» WHAT THE TASK REQUIRES
The expected result is the full set of records, copied precisely, with images dropped.

(Collected data)
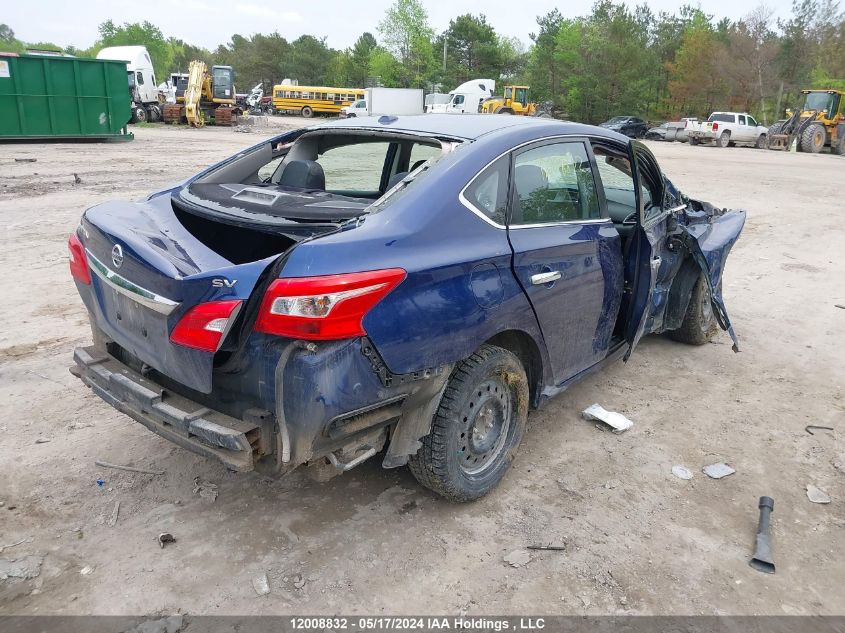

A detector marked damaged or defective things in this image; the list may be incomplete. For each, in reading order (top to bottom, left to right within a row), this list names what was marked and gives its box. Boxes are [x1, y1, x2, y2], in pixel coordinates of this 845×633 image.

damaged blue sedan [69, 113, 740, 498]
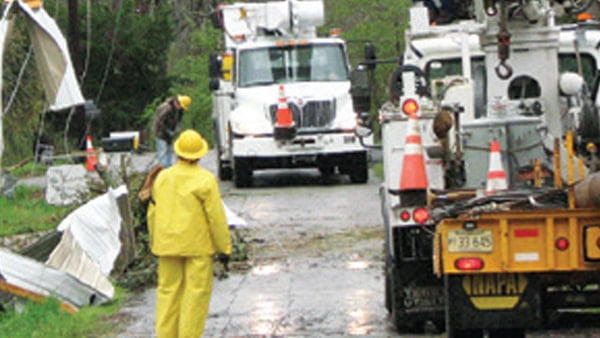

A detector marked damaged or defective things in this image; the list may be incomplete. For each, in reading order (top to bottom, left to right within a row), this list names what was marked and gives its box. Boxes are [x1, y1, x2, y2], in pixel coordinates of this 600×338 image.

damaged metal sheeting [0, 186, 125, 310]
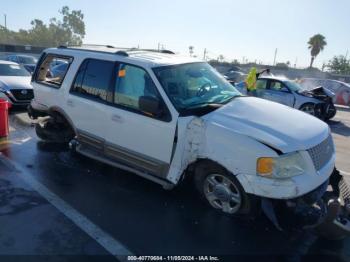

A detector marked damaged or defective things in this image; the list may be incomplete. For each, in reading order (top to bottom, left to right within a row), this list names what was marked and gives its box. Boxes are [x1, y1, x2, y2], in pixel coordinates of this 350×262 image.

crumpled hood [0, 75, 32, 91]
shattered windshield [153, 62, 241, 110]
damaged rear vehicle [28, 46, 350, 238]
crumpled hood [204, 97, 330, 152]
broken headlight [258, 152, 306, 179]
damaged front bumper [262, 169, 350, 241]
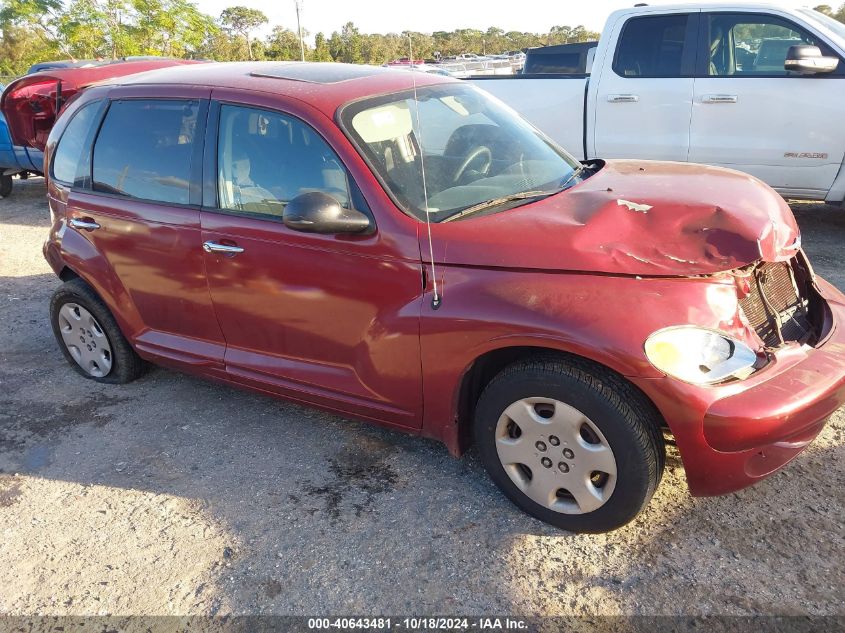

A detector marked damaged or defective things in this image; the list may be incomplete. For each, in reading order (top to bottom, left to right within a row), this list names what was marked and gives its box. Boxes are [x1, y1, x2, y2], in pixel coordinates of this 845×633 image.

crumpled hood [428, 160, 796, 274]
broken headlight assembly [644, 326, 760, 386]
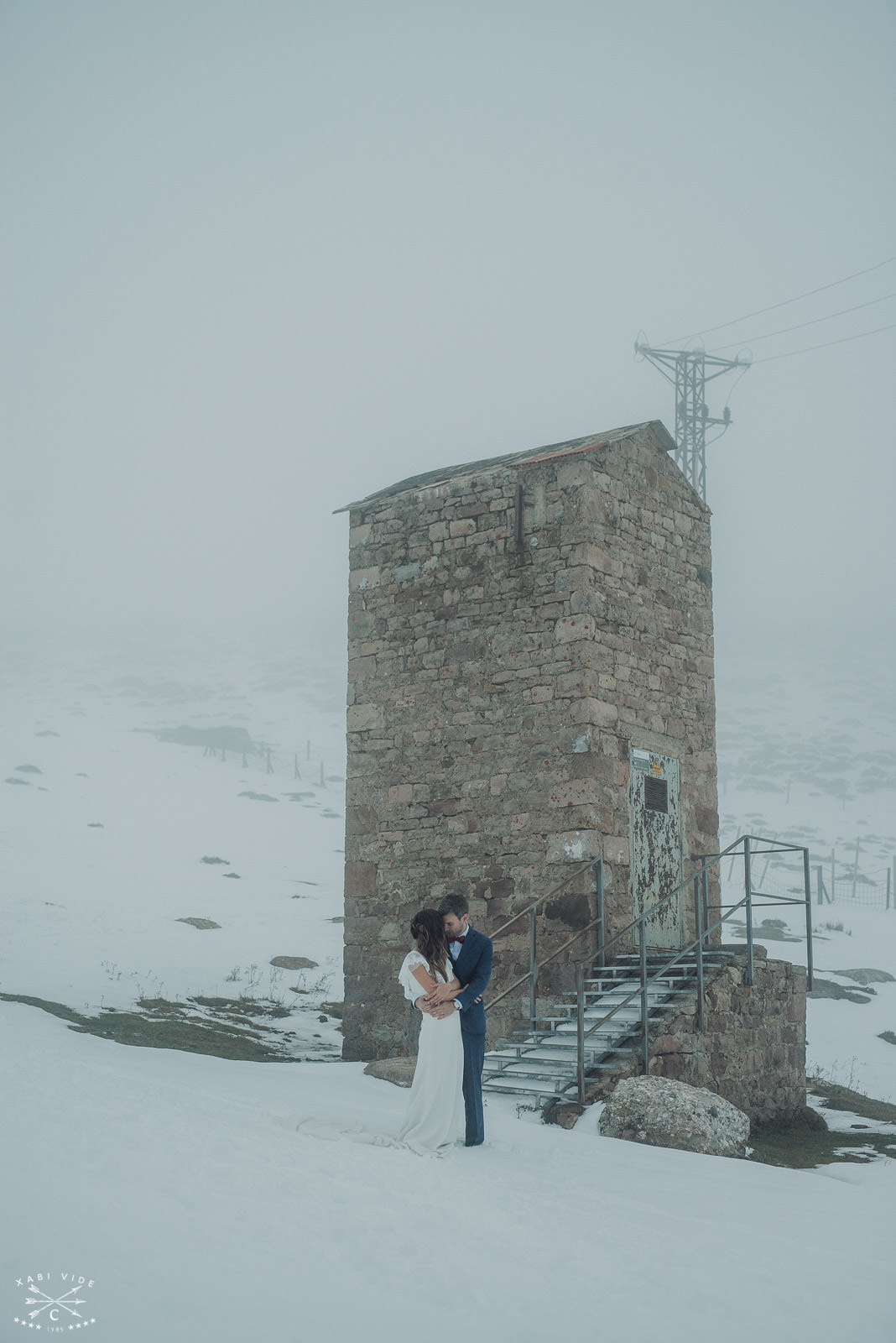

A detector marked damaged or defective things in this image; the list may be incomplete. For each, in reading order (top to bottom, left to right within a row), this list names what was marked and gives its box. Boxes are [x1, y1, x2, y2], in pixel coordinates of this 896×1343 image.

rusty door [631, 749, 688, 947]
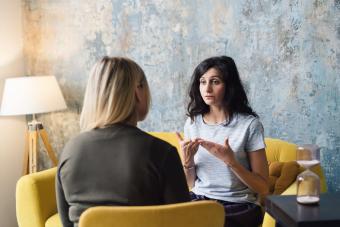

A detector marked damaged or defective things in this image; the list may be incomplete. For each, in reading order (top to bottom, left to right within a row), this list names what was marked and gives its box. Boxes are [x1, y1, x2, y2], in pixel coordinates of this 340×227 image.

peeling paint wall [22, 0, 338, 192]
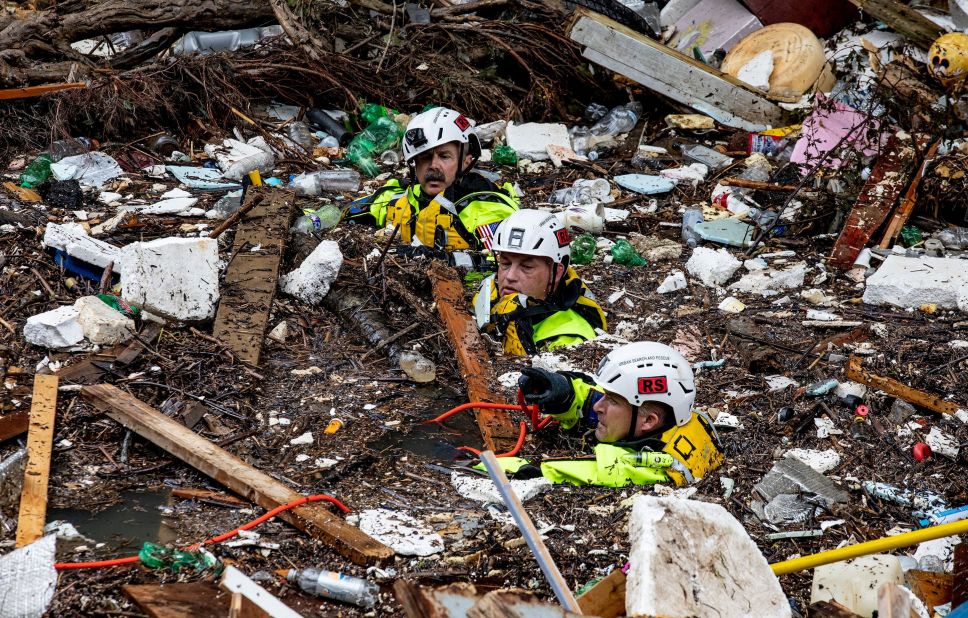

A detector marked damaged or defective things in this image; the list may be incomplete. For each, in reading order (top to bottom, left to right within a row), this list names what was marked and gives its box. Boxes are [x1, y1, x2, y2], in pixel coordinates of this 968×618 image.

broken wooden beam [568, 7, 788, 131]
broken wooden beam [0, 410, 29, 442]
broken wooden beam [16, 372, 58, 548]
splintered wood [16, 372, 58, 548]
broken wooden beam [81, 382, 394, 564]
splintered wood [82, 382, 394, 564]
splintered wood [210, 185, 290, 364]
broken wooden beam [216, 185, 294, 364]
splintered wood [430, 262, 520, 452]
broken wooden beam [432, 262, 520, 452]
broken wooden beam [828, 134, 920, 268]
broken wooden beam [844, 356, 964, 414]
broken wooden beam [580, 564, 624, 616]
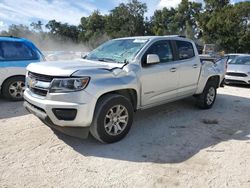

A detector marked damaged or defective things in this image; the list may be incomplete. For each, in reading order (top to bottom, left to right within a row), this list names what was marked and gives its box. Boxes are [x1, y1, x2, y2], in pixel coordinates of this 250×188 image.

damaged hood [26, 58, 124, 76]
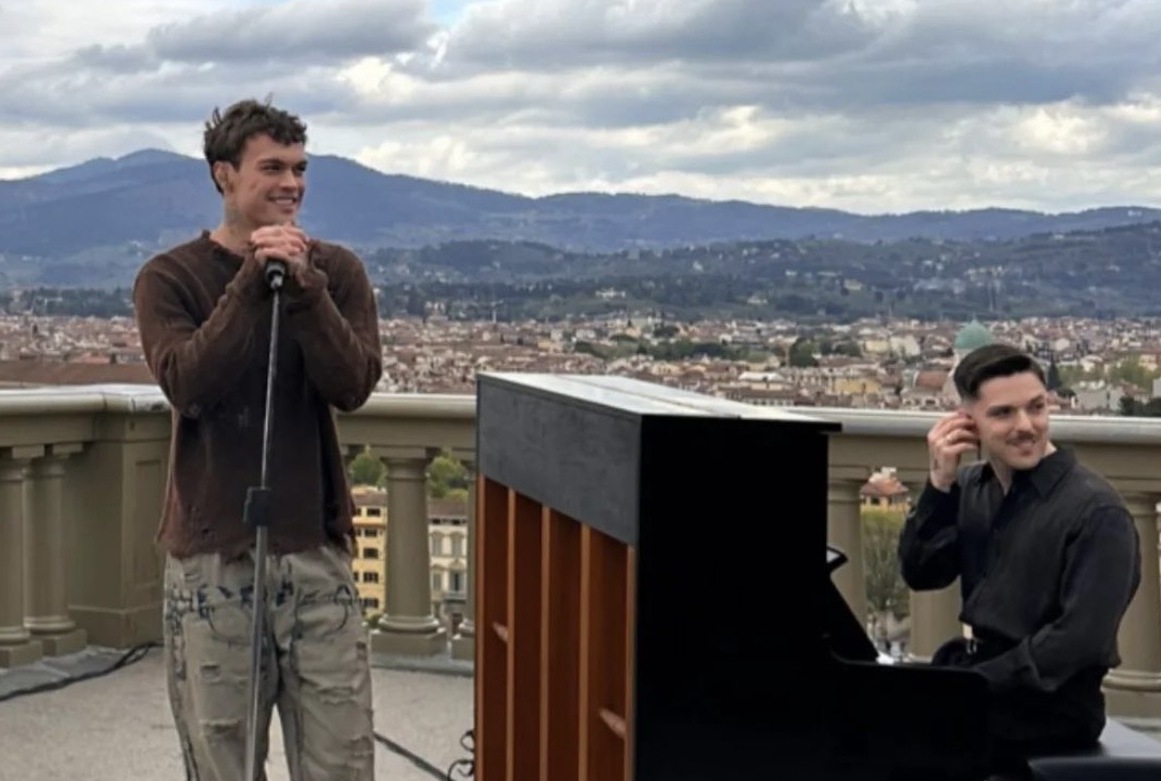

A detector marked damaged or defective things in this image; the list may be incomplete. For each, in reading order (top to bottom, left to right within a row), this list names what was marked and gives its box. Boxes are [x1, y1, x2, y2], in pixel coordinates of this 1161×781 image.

» SOLUTION TO THIS PROBLEM
A detector marked damaged or defective things in this image; the list may be incomplete. For each, in reading order (top to bottom, left to right within a row), this list names what was marked and gives its box. Boxes are [x1, y1, x2, y2], in pixel coordinates of this 845×633 image.

damaged blue sedan [69, 113, 740, 498]

A detector marked damaged or defective things in this image; the list may be incomplete. For each, in reading order (top to bottom, left to right within a row), this list names what was marked and gives its box. Boxes are [x1, y1, x2, y2], in pixel coordinates of this 600×338 image.

damaged metal sheeting [0, 186, 125, 310]

A detector marked damaged or defective things in this image; the list may be incomplete. For each, in reading order (top to bottom, left to right within a row), this list names what was marked and gives its box. Boxes are [x1, y1, x2, y2], in pixel coordinates of this 350×262 image.

crumpled hood [0, 75, 32, 91]
shattered windshield [153, 62, 241, 110]
damaged rear vehicle [28, 46, 350, 238]
crumpled hood [204, 97, 330, 152]
broken headlight [258, 152, 306, 179]
damaged front bumper [262, 169, 350, 241]

A detector marked damaged or defective things in this image; the list may be incomplete. For each, in reading order (top to bottom, left to right within a row), this list names what was marked and gives its box. Boxes are [x1, y1, x2, y2], in pixel coordinates of this 845×633 image.

crumpled hood [428, 160, 796, 274]
broken headlight assembly [644, 326, 760, 386]

A detector marked damaged or defective things in this image; the list may be incomplete. For each, in reading order (top to bottom, left to right within a row), this list names what was marked and gives its box. Boxes are [x1, y1, x2, y2], in pixel coordinates of this 896×1343 image.

rusty door [631, 749, 688, 947]

A detector marked damaged or defective things in this image; the list may be incomplete. For each, in reading order (top to bottom, left to right within a row), this list names what was marked and gives its box. Boxes are [x1, y1, x2, y2], in pixel coordinates of this 340×227 image.

peeling paint wall [22, 0, 338, 192]

A detector marked damaged or defective things in this image; the list may be incomplete. For each, in reading order (top to bottom, left to right within a row), this list names what was marked and gives its box. Boxes are [x1, y1, x2, y2], in pixel coordinates of this 968×618 image.

broken wooden beam [568, 7, 788, 131]
broken wooden beam [0, 410, 29, 442]
broken wooden beam [16, 372, 58, 548]
splintered wood [16, 372, 58, 548]
broken wooden beam [81, 382, 394, 564]
splintered wood [82, 382, 394, 564]
splintered wood [210, 185, 290, 364]
broken wooden beam [216, 185, 294, 364]
splintered wood [430, 262, 520, 452]
broken wooden beam [432, 262, 520, 452]
broken wooden beam [828, 134, 920, 268]
broken wooden beam [844, 356, 964, 414]
broken wooden beam [580, 564, 624, 616]

A detector marked damaged or defective things in this image; the list may be incomplete. For each, in reading order (top to bottom, left to right within a row), this list names what was marked and gives its box. Boxes are [x1, y1, x2, y2], in pixel coordinates of this 250×188 image.

damaged hood [26, 58, 124, 76]

A detector marked damaged or defective things in this image; the list may be incomplete. For each, in reading order (top to bottom, left to right within a row), this list names what was marked and gives its box. Boxes are [x1, y1, x2, y2], in pixel coordinates of this 1161×781 image.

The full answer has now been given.